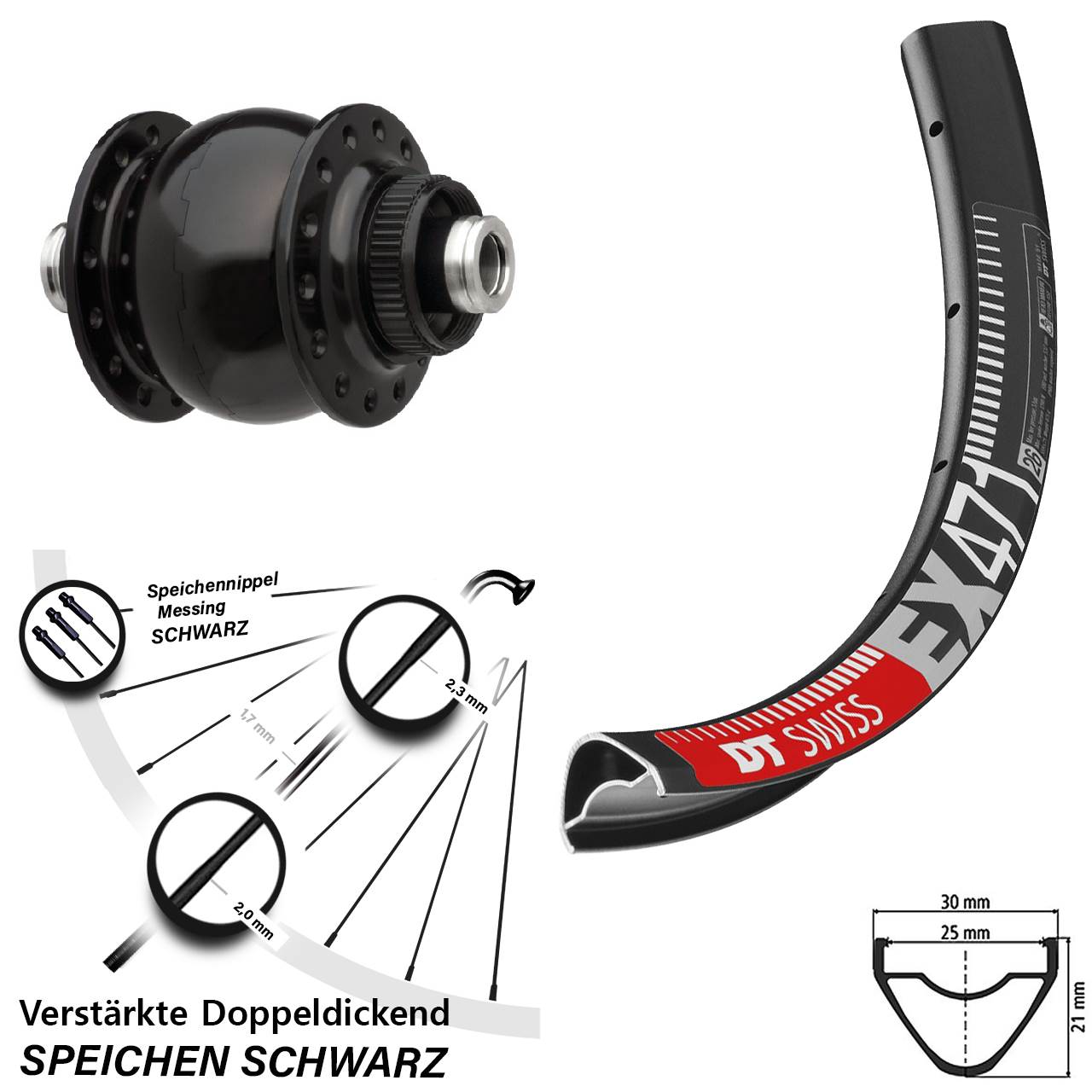Disc Nabendynamo-Laufrad 27,5 Zoll DT Swiss EX 471 SON 28 12x100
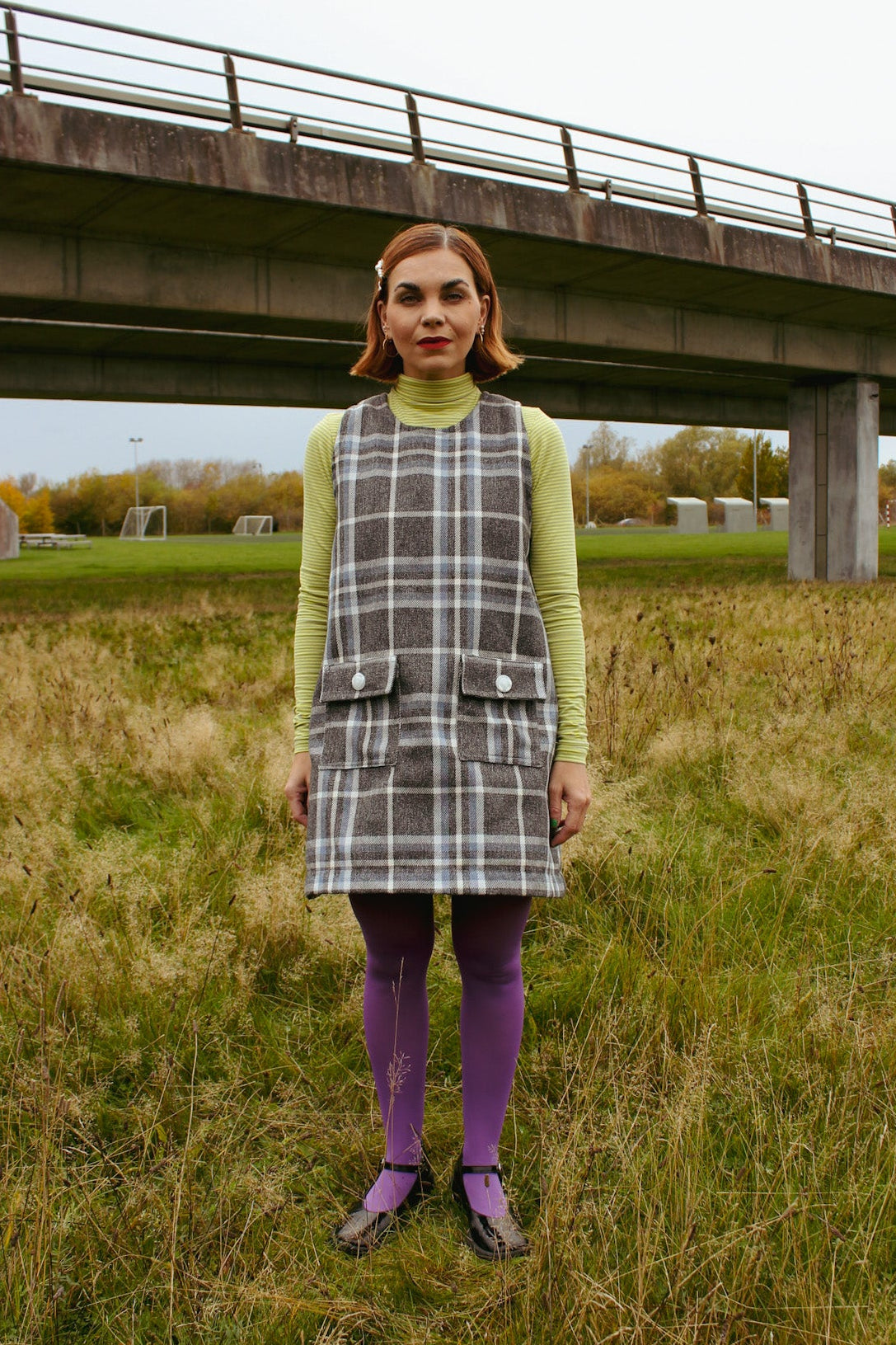 Mod Mini A Dress - Grey Checks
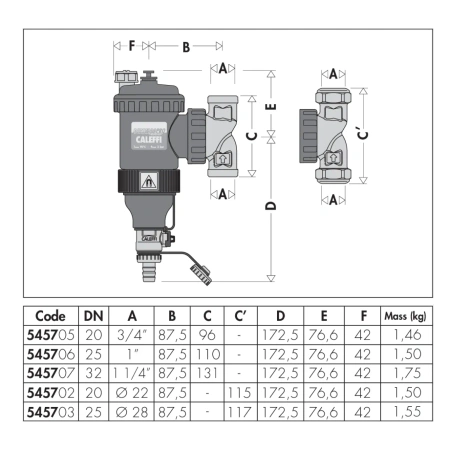 Caleffi separator zanieczyszczeń z podwójnym magnesem 1” DirtmagPro 545706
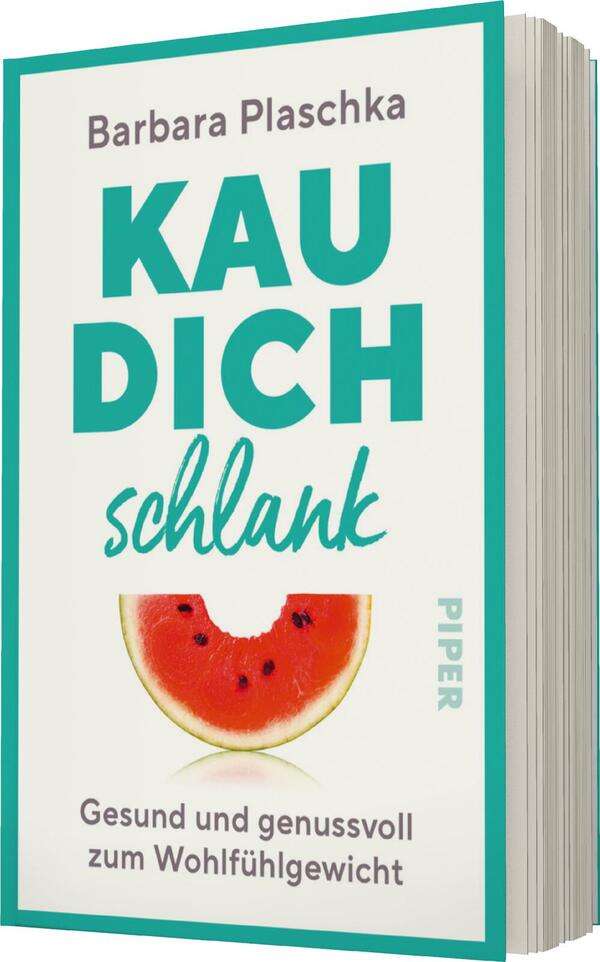 Das Buchcover zeigt einen hellen, türkisfarbenen Hintergrund. Oben steht der Name der Autorin „Barbara Plaschka“ in grauen Großbuchstaben. Der Titel „KAU DICH schlank“ ist zentral platziert, wobei „KAU DICH“ in kräftigem Grün und „schlank“ in einer verspielten, blauen Schriftart gestaltet ist. Darunter befindet sich eine halbe Wassermelone, die als grafisches Element dient. Am unteren Rand steht der Untertitel „Gesund und genussvoll zum Wohlfühlgewicht“ in schlichter, grauer Schrift. Das Verlagslogo „PIPER“ ist am rechten Rand in hellem Türkis zu sehen.
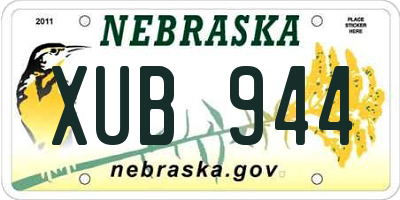 NE license plate XUB944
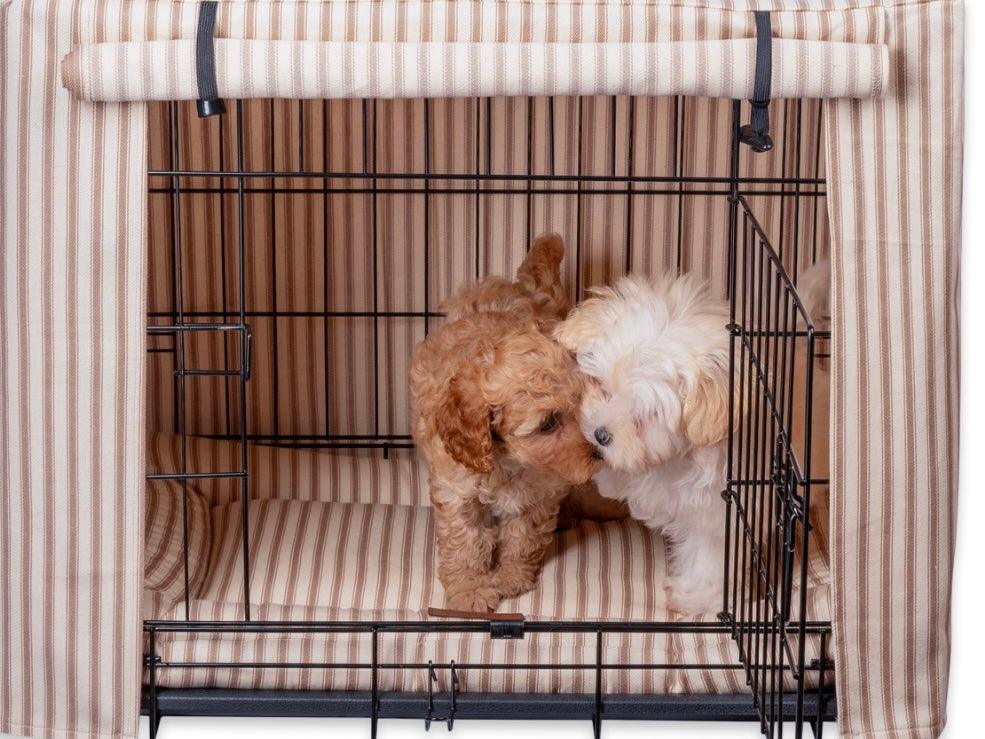 Posh Poos Heritage Stripe Dog Crate Bedding Set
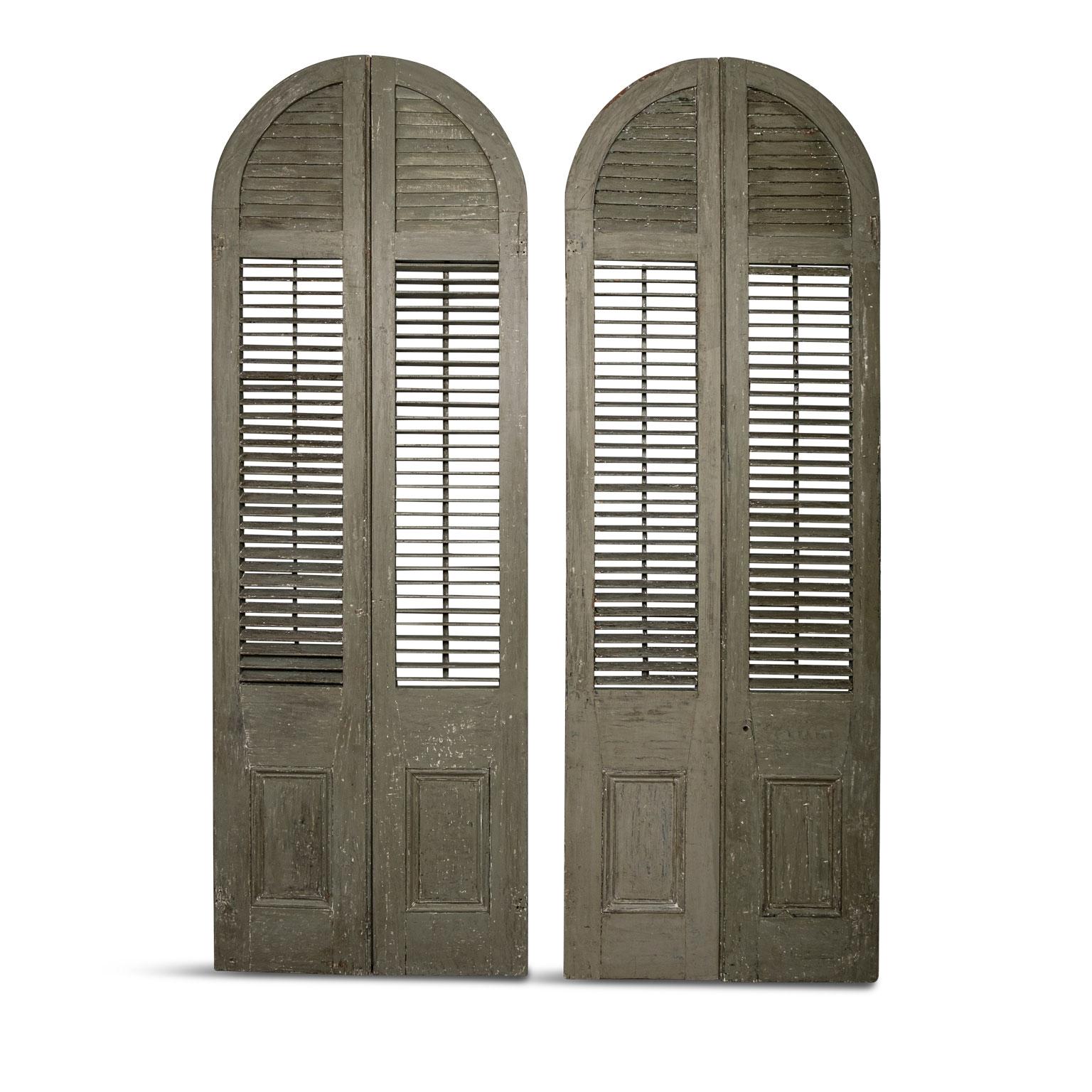 Two Pairs of Green-Painted Arched Shutters 2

★ ★ ★ ★ ★

Starting from the first line of the entries above, print each line exactly until the line containing "Caleffi separator zanieczyszczeń" has been printed, and skip the pictures.

Disc Nabendynamo-Laufrad 27,5 Zoll DT Swiss EX 471 SON 28 12x100
 Mod Mini A Dress - Grey Checks
 Caleffi separator zanieczyszczeń z podwójnym magnesem 1” DirtmagPro 545706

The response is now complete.